▸ **Problem to work on**: In the listing below, find each line with the string "remove" and report it.

▸ **Source material**:
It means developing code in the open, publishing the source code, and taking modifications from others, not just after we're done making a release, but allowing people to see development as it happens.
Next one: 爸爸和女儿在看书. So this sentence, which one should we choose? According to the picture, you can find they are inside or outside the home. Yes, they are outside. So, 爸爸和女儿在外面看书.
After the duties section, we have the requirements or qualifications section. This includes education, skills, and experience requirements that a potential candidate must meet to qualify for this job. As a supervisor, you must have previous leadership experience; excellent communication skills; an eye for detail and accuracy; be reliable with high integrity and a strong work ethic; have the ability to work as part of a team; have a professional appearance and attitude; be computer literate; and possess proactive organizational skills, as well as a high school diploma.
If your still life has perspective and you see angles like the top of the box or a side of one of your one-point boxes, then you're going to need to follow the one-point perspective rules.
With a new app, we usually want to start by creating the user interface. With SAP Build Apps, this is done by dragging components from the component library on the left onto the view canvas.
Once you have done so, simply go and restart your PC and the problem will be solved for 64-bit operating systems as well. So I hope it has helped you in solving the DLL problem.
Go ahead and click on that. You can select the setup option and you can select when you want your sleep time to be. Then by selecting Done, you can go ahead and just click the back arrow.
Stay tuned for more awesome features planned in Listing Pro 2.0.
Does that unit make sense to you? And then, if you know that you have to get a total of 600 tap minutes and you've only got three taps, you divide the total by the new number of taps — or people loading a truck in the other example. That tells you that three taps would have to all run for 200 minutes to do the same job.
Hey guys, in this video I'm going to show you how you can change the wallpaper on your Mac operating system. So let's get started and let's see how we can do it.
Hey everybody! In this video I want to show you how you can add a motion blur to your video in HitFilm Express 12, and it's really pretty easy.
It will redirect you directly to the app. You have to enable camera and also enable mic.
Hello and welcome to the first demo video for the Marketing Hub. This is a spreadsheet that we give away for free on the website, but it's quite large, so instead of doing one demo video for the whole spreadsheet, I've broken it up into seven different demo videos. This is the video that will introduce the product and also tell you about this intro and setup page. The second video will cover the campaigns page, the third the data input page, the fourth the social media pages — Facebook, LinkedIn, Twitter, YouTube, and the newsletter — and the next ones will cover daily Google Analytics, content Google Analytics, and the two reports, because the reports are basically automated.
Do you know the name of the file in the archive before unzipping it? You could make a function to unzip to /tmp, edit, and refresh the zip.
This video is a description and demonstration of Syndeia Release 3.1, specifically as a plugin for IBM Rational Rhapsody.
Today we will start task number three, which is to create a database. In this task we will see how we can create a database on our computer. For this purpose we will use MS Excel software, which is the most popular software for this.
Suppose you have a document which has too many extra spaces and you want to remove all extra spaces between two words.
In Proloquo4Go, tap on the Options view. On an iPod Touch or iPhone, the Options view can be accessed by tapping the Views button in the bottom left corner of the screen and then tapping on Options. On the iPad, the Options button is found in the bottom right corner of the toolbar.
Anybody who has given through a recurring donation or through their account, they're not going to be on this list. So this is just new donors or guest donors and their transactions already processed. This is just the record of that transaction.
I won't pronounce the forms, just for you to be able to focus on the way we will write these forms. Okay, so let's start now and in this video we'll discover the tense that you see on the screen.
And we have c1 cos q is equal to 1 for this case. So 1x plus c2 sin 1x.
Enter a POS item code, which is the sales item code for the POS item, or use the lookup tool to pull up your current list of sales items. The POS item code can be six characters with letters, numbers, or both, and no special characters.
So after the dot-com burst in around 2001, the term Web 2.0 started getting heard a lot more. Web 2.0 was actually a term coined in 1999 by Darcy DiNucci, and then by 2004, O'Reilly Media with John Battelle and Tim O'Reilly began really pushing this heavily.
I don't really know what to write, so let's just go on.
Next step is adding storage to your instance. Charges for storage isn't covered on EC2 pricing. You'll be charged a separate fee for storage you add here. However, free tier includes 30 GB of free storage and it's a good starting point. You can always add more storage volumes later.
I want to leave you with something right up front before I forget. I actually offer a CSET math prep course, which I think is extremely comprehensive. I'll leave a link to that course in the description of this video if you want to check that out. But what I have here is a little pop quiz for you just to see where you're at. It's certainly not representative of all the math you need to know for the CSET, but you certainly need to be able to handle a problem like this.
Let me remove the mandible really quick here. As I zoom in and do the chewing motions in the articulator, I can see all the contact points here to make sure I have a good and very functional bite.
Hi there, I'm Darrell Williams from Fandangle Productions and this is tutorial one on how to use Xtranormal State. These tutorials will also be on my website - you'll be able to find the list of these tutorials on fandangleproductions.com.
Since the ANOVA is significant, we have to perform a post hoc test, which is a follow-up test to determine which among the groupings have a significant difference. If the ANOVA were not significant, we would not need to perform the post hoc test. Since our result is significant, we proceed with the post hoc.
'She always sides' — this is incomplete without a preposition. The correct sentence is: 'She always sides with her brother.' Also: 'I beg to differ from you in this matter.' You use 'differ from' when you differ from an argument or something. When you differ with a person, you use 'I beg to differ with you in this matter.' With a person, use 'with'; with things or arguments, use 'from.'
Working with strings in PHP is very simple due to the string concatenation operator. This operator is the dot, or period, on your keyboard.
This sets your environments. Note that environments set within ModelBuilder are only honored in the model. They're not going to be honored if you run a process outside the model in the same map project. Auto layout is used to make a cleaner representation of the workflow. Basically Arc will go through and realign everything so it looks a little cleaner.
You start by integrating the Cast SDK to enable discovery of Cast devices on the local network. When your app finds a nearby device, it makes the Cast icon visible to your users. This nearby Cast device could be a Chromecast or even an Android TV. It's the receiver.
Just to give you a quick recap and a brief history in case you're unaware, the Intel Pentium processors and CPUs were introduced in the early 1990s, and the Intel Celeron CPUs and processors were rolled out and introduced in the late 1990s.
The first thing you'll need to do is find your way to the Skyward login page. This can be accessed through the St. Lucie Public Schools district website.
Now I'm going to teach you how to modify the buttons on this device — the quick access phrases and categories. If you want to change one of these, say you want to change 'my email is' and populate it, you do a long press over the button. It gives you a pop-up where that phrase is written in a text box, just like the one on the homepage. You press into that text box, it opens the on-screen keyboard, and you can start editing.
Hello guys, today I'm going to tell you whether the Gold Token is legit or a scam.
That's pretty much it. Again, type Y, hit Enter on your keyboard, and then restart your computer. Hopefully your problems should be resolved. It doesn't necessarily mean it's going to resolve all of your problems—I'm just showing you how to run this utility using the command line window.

▸ **Written solution**:
Suppose you have a document which has too many extra spaces and you want to remove all extra spaces between two words.
Let me remove the mandible really quick here. As I zoom in and do the chewing motions in the articulator, I can see all the contact points here to make sure I have a good and very functional bite.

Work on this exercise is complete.